One concern with this is that frontend-specific parameters (i.e., cosmological_simulation) are not universal, so an adapter between the frontend and the plugin needs to be created. We propose that this be required for each frontend by enabling plugins to call methods on the dataset. These methods will be named _adapt_* where the suffix is the contexts’s shortname. These will return dictionaries of parameters which will be rigorously checked for contents (i.e., preventing incorrect or incomplete information from being passed back.) Contexts must define these methods.

As an example, here is pseudocode for a cosmological simulation context:

class CosmologyContext(DomainContext):
    domain = 'cosmology'

    def __init__(self):
        pass

    @classmethod
    def is_appropriate(cls, pf):
        if not hasattr(pf, '_adapt_cosmology'): return None
        rv = pf._adapt_cosmology()
        if rv['cosmological_simulation'] == 1:
            c = cls()
            return c
        return None

    def apply(self, pf):
        params = pf._adapt_cosmology()
        pf.cosmological_simulation = rv['cosmological_simulation']
        pf.cosmology = Cosmology()

This design mechanism is somewhat open for discussion; the problems of adapting varying parameters and matching both the generality of the domain context and the frontend dataset provide challenges. An alternative is to provide a default class method for each context that is used by the base dataset object to obtain a false value.

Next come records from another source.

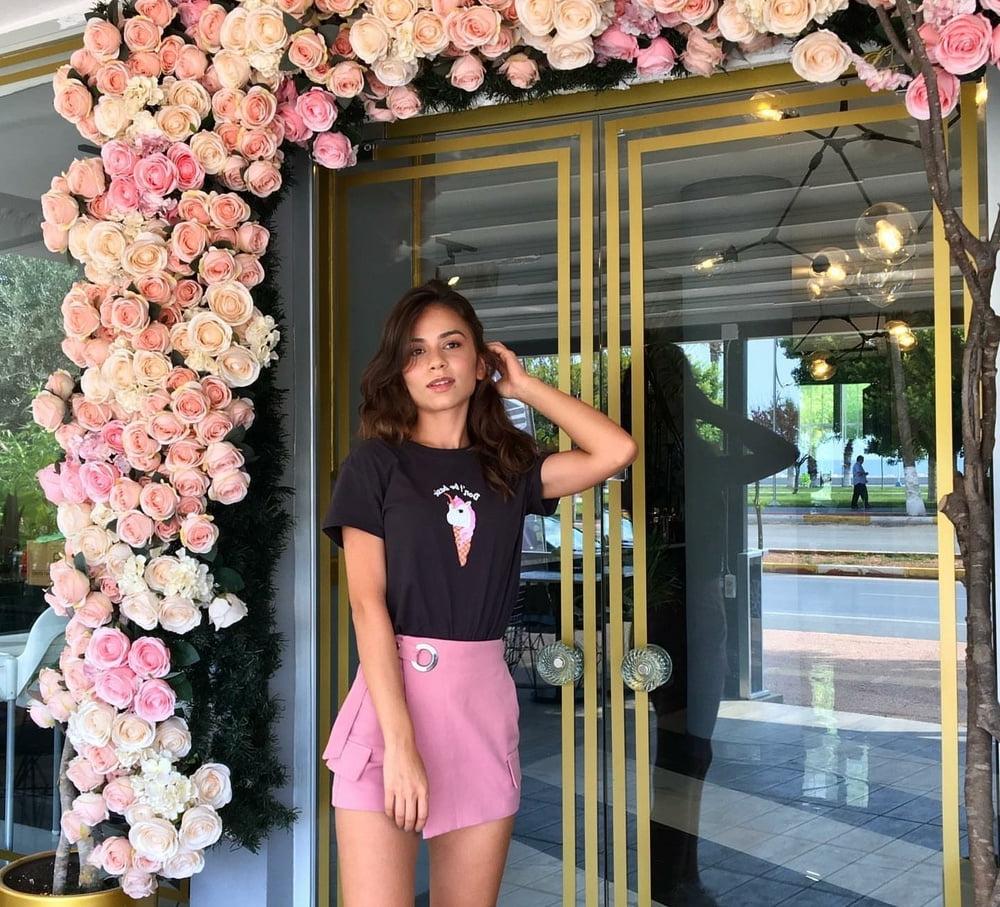 18P Turkish Instagram Girls 69 Kubra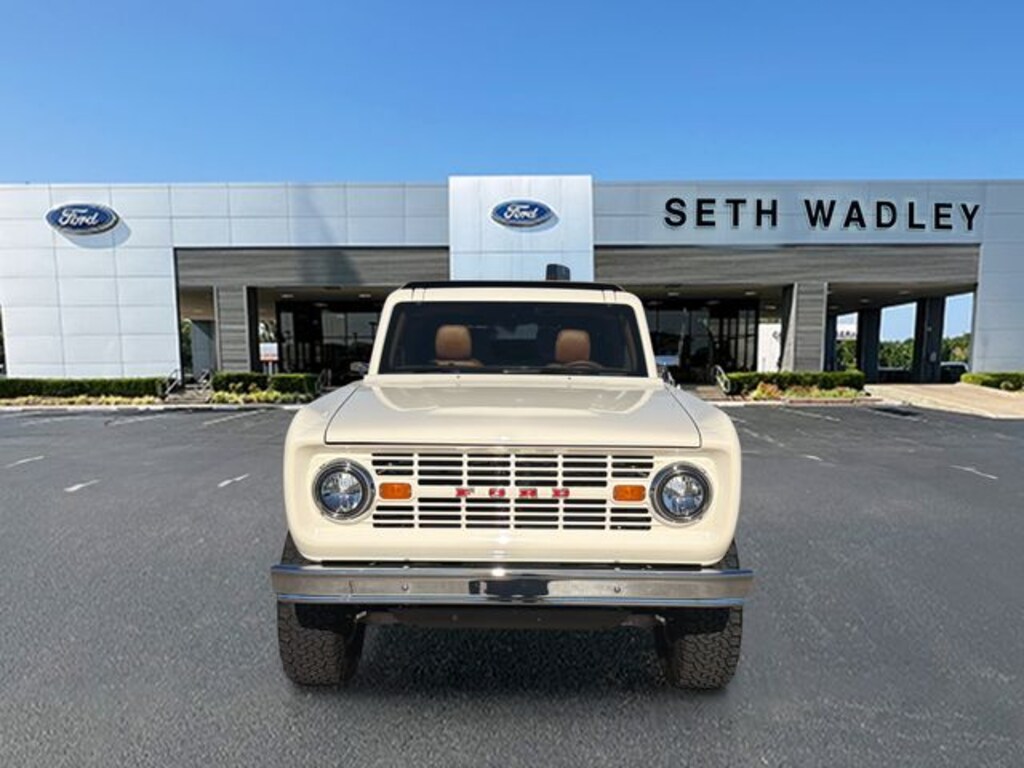 Used 2023 Ford Bronco Vintage Classic SUV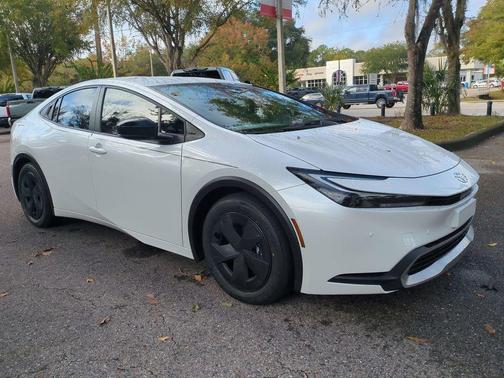 2026 Toyota Prius Plug-In Hybrid SE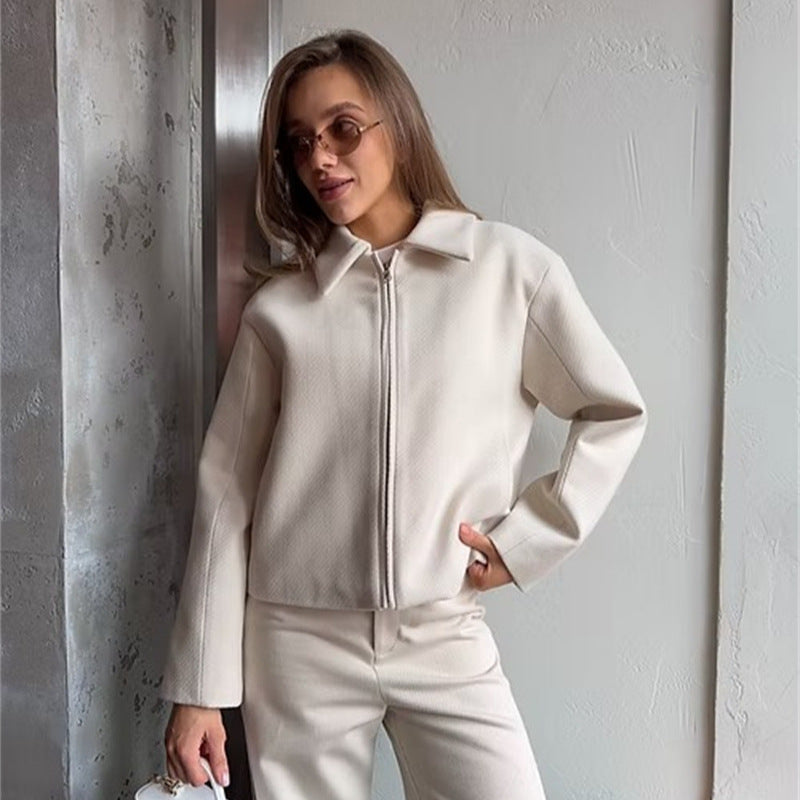 Damen Kurzjacke im Boxy-Schnitt mit Reißverschluss und Reverskragen EB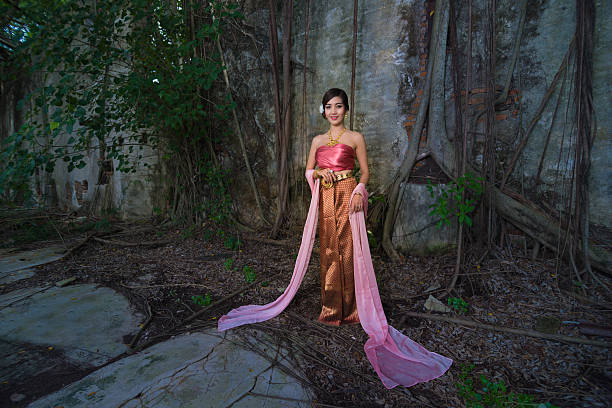 istock Naga Queen Fashion 620995680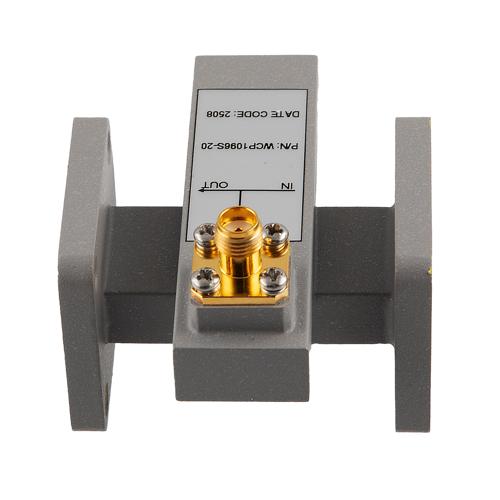 20 dB WR-62 Waveguide Crossguide Coupler with UG-419/U and SMA Female Coupling Port from 13.75 GHz to 14.5 GHz in Brass FMWCP1096S-20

As noted during discussion, context can and should subclass each other. How this interfaces with which plugin in the order of resolution is not yet clear, as (for instance) the base class should not necessarily modify an attribute when the subclass would then override.

Runtime Extensibility

These domain context will be extensible at runtime by specifying an additional list of plugins to check, by adding additional plugins to the global (and frontend-specific) registry, and by adding to the plugin list for each dataset type.

Implementation

Much of the implementation has been described above. However, these domain plugins should reside in a subdirectory of data_objects, specifically named yt/data_objects/domain_contexts/ and should be limited to one class per file.

Backwards Compatibility

  • The backwards compatibility of renaming is likely quite small, except for those cases where names would be changed.
  • The backwards compatibility of checking for cosmological_simulation would probably require additional field validation (or instead, fields that are added specifically by the cosmology context).
  • Changing TimeSeriesData to a new name may need to be gradually introduced, retaining backwards compatibility for a while.
  • Fixing Enzo’s current_time will cause challenges for anyone who is not using internal time conversion factors. I think this number is likely small.

Alternatives

We could continue with the status quo.